Psychologically and psychoanalytically, there is something enviable about growing up in the wake of such collective destruction. It is a guilt-less condition, the like of which Nietzsche imagined as the exit from a resentful Christian morality (“You gotta make way for the homo superior”). It has all of the opportunities for creation, given that one’s parents’ generation has already taken care of the destruction. John Lennon, born 1940. Bob Dylan, 1941. Lou Reed, 1942. And so on. Yet this also produces a fundamental misconception about capitalism, namely that it necessarily promotes free expression and individuality, where in fact it was more likely the destruction of capital that set the stage for these things.
Capitalism has in-built tendencies towards melancholia, in Freud’s sense of an inability to accept the loss of the past. As Piketty shows, as capitalism develops, it becomes more and more plausible for some to live off inherited assets that one had no responsibility for inventing or building and may have no interest in using. The sense of debt towards the past can be stultifying. For most others living in such a society, the present involves the paying off of past debts, another melancholic condition, as we explored in Financial Melancholia. From an Austrian perspective, state bail-outs of the financial system repesented another melancholic refusal to let the mistakes of the past go, and face the future anew. The point is that only relatively drastic acts of cancellation and destruction can wipe the slate clean.
The flush of what Mark Fisher calls ‘popular modernism’, which lasted from the late 1950s through to the early 1990s, is now a legacy of this euphoric innocence that we can only look back on. Those born in the 1940s and ’50s owed nothing to the past, because the past had been blitzed, flattened, written off, cancelled. That trough in Piketty’s graph above was a unique opportunity for playfulness, uninhibited by fear of what one’s creditors or benefactors might think.

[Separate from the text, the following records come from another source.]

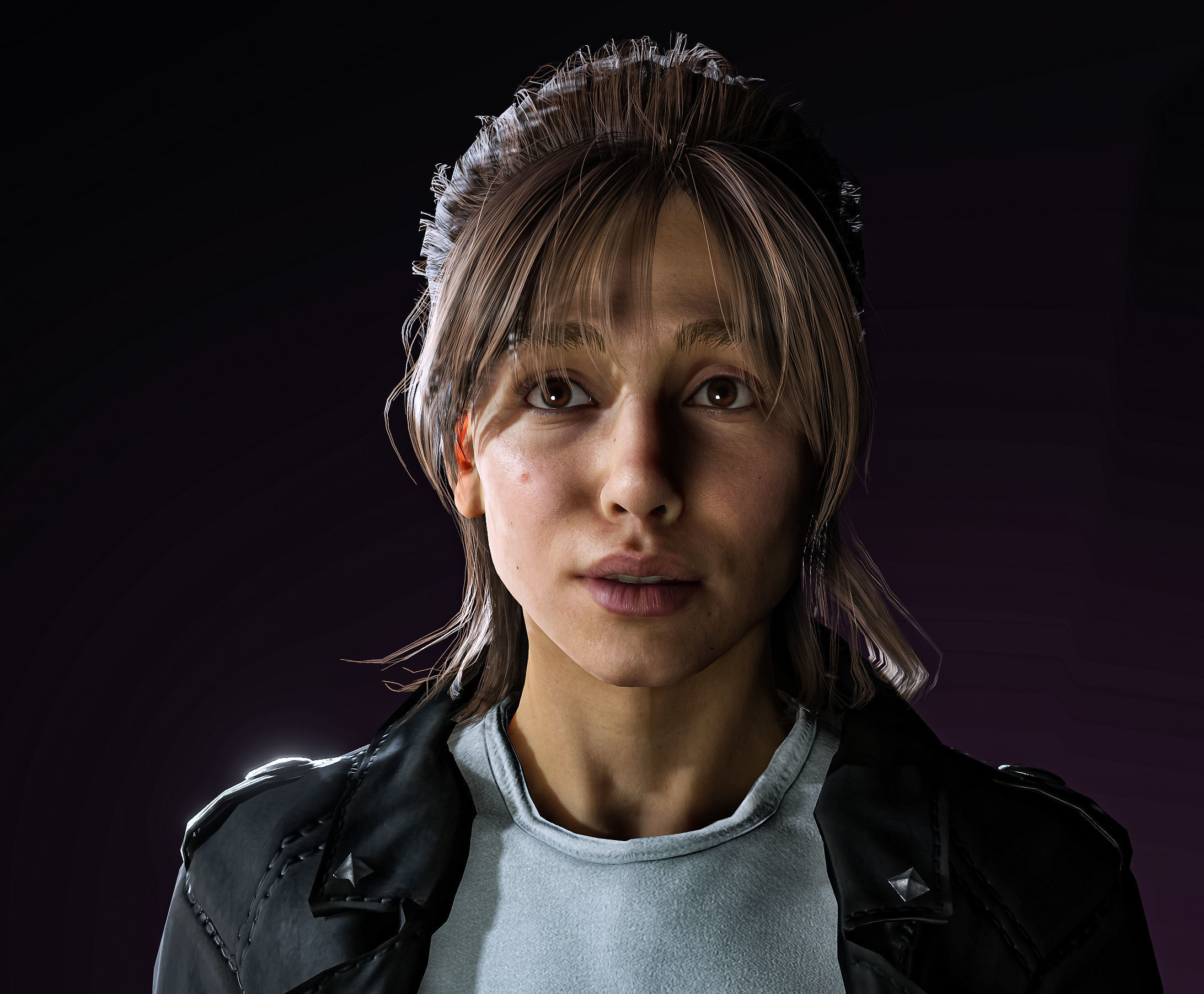 High Quality Realistic Woman Biker Low-poly 3D model_11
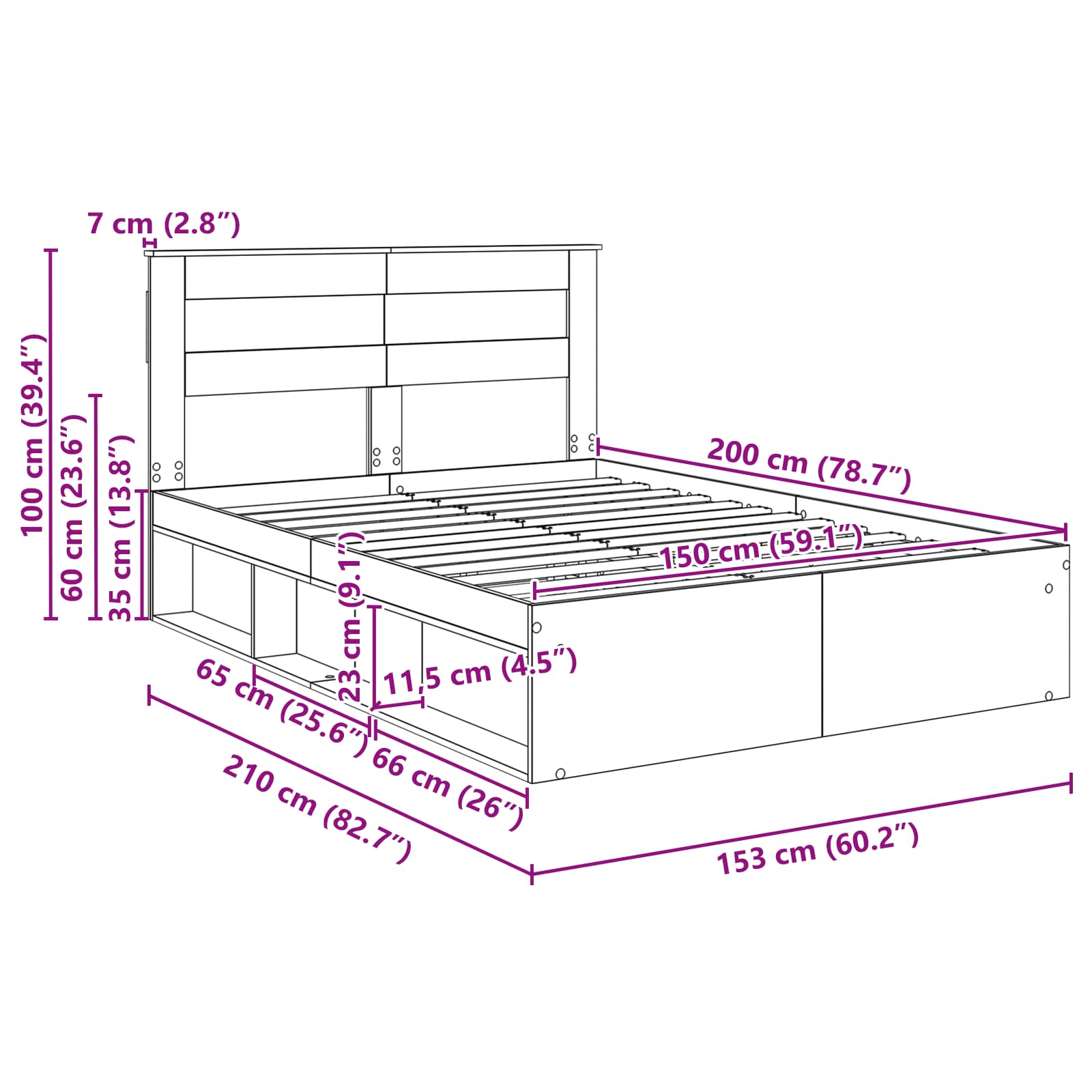 Krevetna konstrukcija s uzglavljem Dimljeni hrast 150 x 200 cm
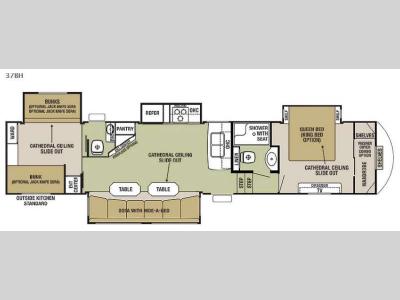 Floorplan - 2015 Forest River RV Cedar Creek Silverback 37BH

I wonder if what we find most alluring about Bowie today is his apparent lack of debt, in the constrictive, guilty sense of an obligation to honour one’s past promises. The contemporary financialisation of everyday life involves a fixing of individuals in certain life trajectories. Whatever we do, we have to stick to the path that guarantees a steady, predictable income, as calculated by past creditors. The past devours the future. Digital technology and social media assists with this, helping to fix our identities in place and render them transparent to credit-raters. In that sense, the cliched claim that we love Bowie because we’re all now engaged in self-invention seems to me the opposite of the truth: we mourn him because, short of another war or a truly destructive financial crisis, the idea of such freedom now seems impossible to envisage ever again.